Friday, May 21, 2010

Is the FairTax Political Poison?

I have a question for my friends who support a national sales tax. First, some background. Beginning with the defeat of Woody Jenkins in his Louisiana Senate race back in the 1990s, various versions of the national sales tax have caused political headaches for GOP candidates. Even candidates from conservative states, such as Sen. DeMint in South Carolina, have been put on the defensive because they said good things about the FairTax. The latest example comes from the Pennsylvania special election for Rep. Murtha's seat. As this Wall Street Journal column points out, the winning Democratic candidate hammered the Republican because of his support for the FairTax. So even though I have said very nice things about a national sales tax, testified about the virtues of the national sales tax, and debated in favor of a national sales tax over the current system, I am increasingly convinced that the flat tax is the only plan that is sufficiently immune to demagoguery. Can anyone give me a persuasive argument about the political viability of the FairTax?

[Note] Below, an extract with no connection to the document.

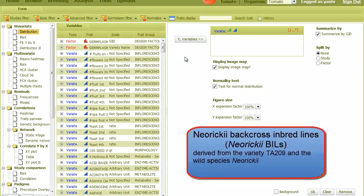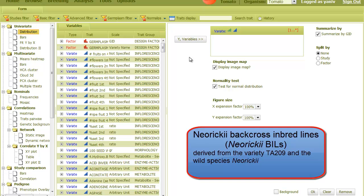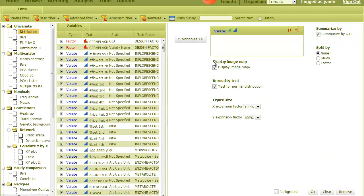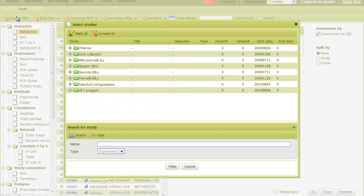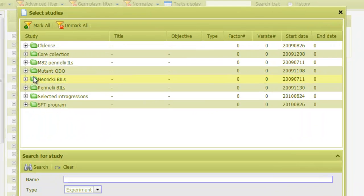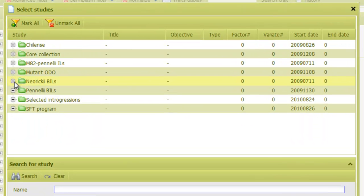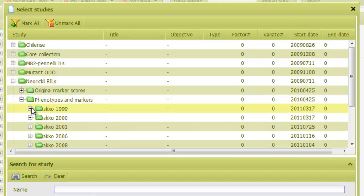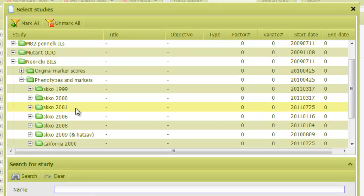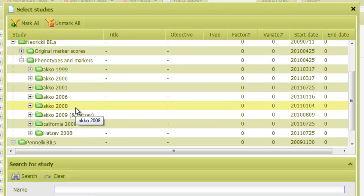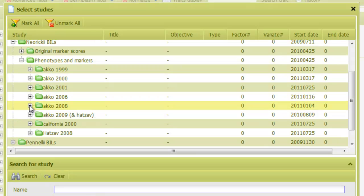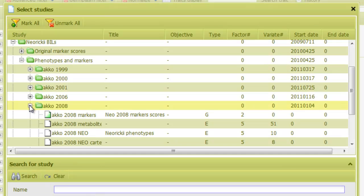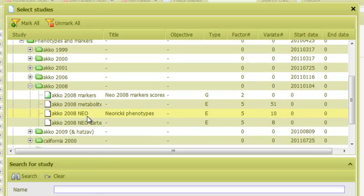Another mapping population that was extensively measured is the Neoreki backcross inbred lines. This population is derived from the variety TA-209 and the wild species Neoreki. To analyze it, I'll go to the Neoreki folder, select phenotypes and markers, and then enter one of the folders. Let's pick ACCO 2008.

Democrats turned the table and ran against Mr. Burns on taxes. The GOP businessman had flirted in the past with supporting the FAIR tax, a version of a national sales tax that supporters want to replace the income tax. Mr. Critz's ads blasted Mr. Burns for supporting a 23% sales tax increase without mentioning the income tax elimination, and the GOP seems to have been caught flat-footed. Republicans can rightly complain that this is unfair and that Mr. Critz will vote to raise taxes when Mrs. Pelosi gives the order. But they need a real-time campaign answer to the tax-hike charge. Whatever the merits of the FAIR tax in theory, we've long thought it is a political loser because voters figure they'll get the sales tax without losing the income tax. At a minimum, FAIR tax supporters shouldn't have left Mr. Burns defenseless on the subject. By the way, this is also a political warning to Republicans inclined to fall for the Democratic trap of agreeing to a new value-added tax in return for lower income-tax rates.